The resolution also mentioned other regional infrastructure projects such as the Turkmenistan- Afghanistan-Pakistan-India (TAPI) gas pipeline project and the recently signed Chabahar port project between India and Iran.
Chinese President Xi Jinping proposed the One Belt, One Road Project as soon as he assumed the power in 2013. Xi's project essentially aims to bring a trade revolution by connecting China with rest of Eurasia through a series of massive infrastructure projects.
China claims that at least 100 countries spanning across different continents have lent their support to its flagship project.
UN support may leave India Miffed
The UN's support for the Maritime Silk Road project may leave India - China's regional rival - completely annoyed. New Delhi has repeatedly stated that its security is severely compromised due to China-Pakistan Economic Corridor's (CPEC), a part of One Belt Project, which passes through Pakistan Occupied Kashmir (POK).
The Indian government has lodged a protest over this issue with Beijing and Islamabad. But both countries, who share an acrimonious relation with India, have not paid any heed to New Delhi's concerns.
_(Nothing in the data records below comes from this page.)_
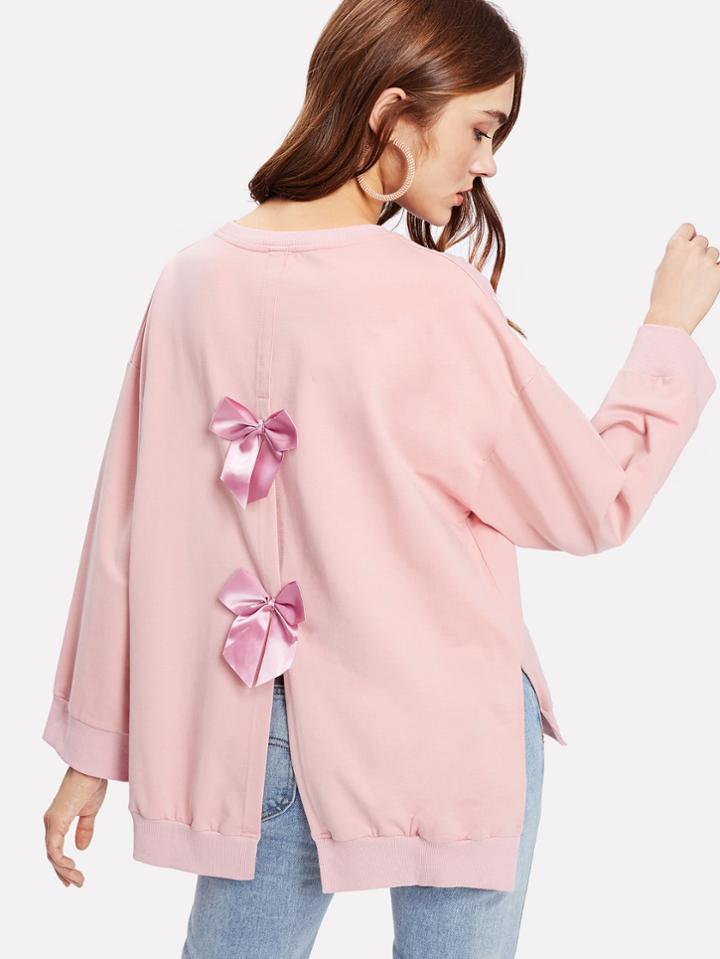 Shein Bow Back Split Detail Sweatshirt
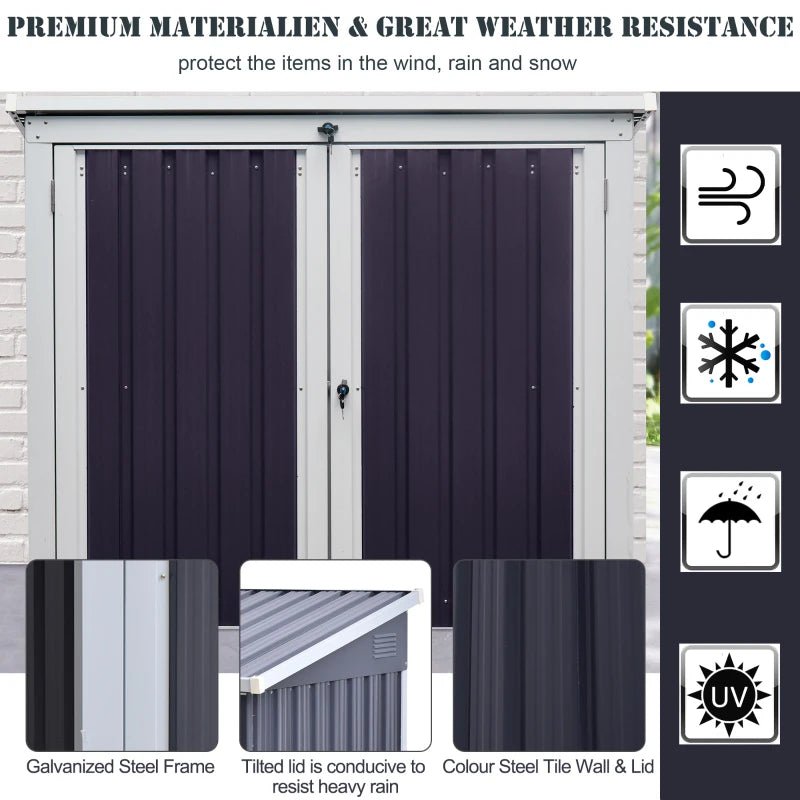 3.2 x 5.1ft Corrugated Steel Two-Bin Storage Shelter - Black - Trade Warehouse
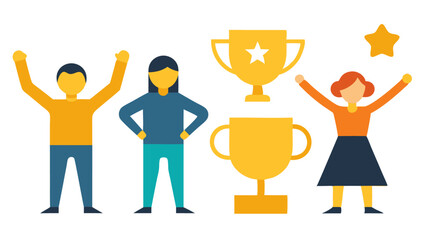Poster - A group of characters is joyfully celebrating a major achievement near a golden award trophy to mark their success and dedication in a competitive creative field.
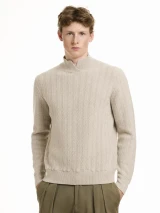 LORENZONI -WOOL & CASHMERE HERRINGBONE OPEN MIOCK SWEATER - NAT.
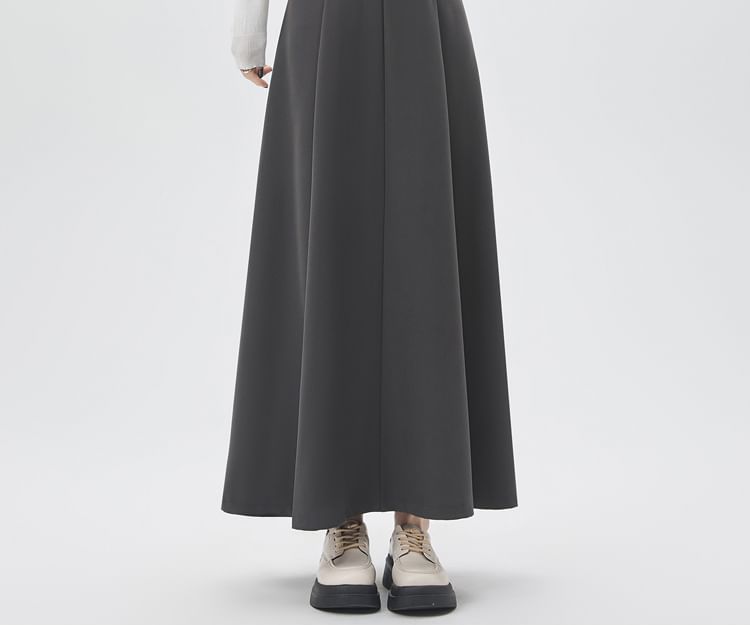 Pleated High-Rise Maxi A-Line Skirt in Solid Tone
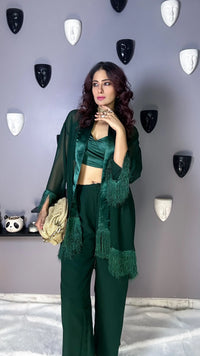Emerald Green 3-Piece Co-ord Set for Women – Front View | Sledge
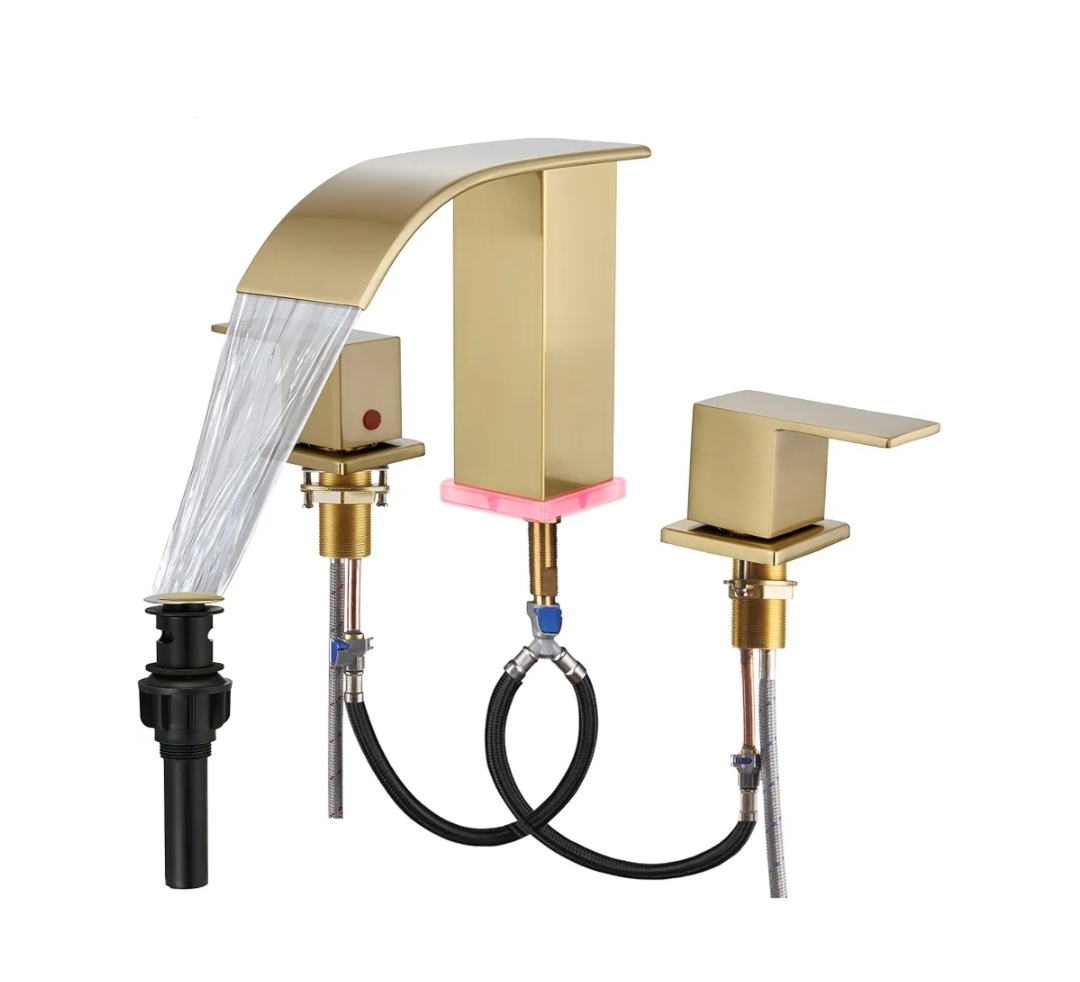 3 Hole Widespread Modern Gold Sink Faucet 8 inch 3 Hole Vanity w Pop Up Drain (Brushed Gold)
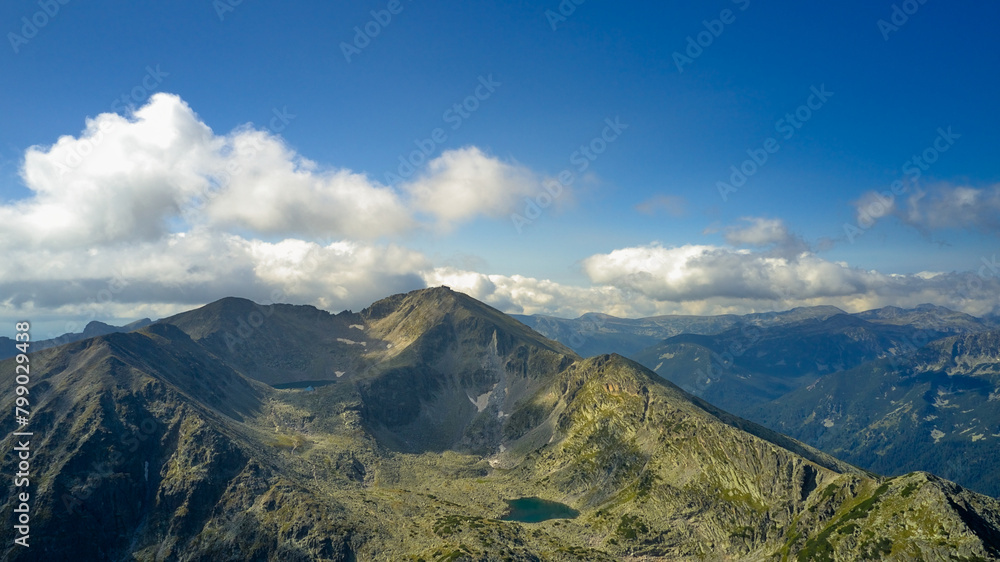 Mountain lakes from a drone aerial photography. The highest peak Musala in the Balkans in Bulgaria, height 2925 meters. Mountain lakes, mountain huts and the spirit of travel Mountain lakes from a drone aerial photography. The highest peak Musala in the Balkans in Bulgaria, height 2925 meters. Mountain lakes, mountain huts and the spirit of travel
Kashmir is a disputed territory between India and Pakistan, with both South Asian countries staking claim over the Himalayan region. The region has been split between the two countries through a Line of Control (LOC) since 1947. Both countries have fought four wars over the region.
The Indian government has so far not commented on UN's support for China's flagship project. But the local media has taken a critical note of it, claiming that the UN support has put India's sovereign claim over Kashmir in danger.